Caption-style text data
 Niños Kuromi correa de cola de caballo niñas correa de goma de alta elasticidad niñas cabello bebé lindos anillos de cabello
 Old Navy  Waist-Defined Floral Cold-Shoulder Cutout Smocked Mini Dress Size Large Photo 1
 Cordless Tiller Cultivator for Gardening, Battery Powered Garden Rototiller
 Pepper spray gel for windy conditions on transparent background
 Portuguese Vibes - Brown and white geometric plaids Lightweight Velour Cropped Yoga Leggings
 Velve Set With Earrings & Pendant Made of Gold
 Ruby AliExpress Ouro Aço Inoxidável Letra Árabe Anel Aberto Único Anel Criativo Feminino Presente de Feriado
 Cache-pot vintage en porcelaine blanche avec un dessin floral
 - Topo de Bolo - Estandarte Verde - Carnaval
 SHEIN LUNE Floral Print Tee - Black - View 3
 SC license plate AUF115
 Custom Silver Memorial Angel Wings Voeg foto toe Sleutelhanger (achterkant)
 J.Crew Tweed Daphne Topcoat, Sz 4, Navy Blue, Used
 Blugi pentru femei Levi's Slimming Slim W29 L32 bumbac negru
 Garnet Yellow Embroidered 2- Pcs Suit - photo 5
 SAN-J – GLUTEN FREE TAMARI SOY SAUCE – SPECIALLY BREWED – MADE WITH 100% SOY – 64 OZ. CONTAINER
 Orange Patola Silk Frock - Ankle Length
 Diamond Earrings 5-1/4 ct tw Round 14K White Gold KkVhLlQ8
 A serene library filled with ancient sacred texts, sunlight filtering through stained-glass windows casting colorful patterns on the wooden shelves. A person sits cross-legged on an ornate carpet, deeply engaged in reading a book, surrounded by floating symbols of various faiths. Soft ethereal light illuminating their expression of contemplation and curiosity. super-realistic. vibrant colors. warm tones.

▶ WHAT TO PRODUCE: This exercise requires the entries above to be restated exactly.

▶ OUTPUT BELOW:
 Niños Kuromi correa de cola de caballo niñas correa de goma de alta elasticidad niñas cabello bebé lindos anillos de cabello
 Old Navy  Waist-Defined Floral Cold-Shoulder Cutout Smocked Mini Dress Size Large Photo 1
 Cordless Tiller Cultivator for Gardening, Battery Powered Garden Rototiller
 Pepper spray gel for windy conditions on transparent background
 Portuguese Vibes - Brown and white geometric plaids Lightweight Velour Cropped Yoga Leggings
 Velve Set With Earrings & Pendant Made of Gold
 Ruby AliExpress Ouro Aço Inoxidável Letra Árabe Anel Aberto Único Anel Criativo Feminino Presente de Feriado
 Cache-pot vintage en porcelaine blanche avec un dessin floral
 - Topo de Bolo - Estandarte Verde - Carnaval
 SHEIN LUNE Floral Print Tee - Black - View 3
 SC license plate AUF115
 Custom Silver Memorial Angel Wings Voeg foto toe Sleutelhanger (achterkant)
 J.Crew Tweed Daphne Topcoat, Sz 4, Navy Blue, Used
 Blugi pentru femei Levi's Slimming Slim W29 L32 bumbac negru
 Garnet Yellow Embroidered 2- Pcs Suit - photo 5
 SAN-J – GLUTEN FREE TAMARI SOY SAUCE – SPECIALLY BREWED – MADE WITH 100% SOY – 64 OZ. CONTAINER
 Orange Patola Silk Frock - Ankle Length
 Diamond Earrings 5-1/4 ct tw Round 14K White Gold KkVhLlQ8
 A serene library filled with ancient sacred texts, sunlight filtering through stained-glass windows casting colorful patterns on the wooden shelves. A person sits cross-legged on an ornate carpet, deeply engaged in reading a book, surrounded by floating symbols of various faiths. Soft ethereal light illuminating their expression of contemplation and curiosity. super-realistic. vibrant colors. warm tones.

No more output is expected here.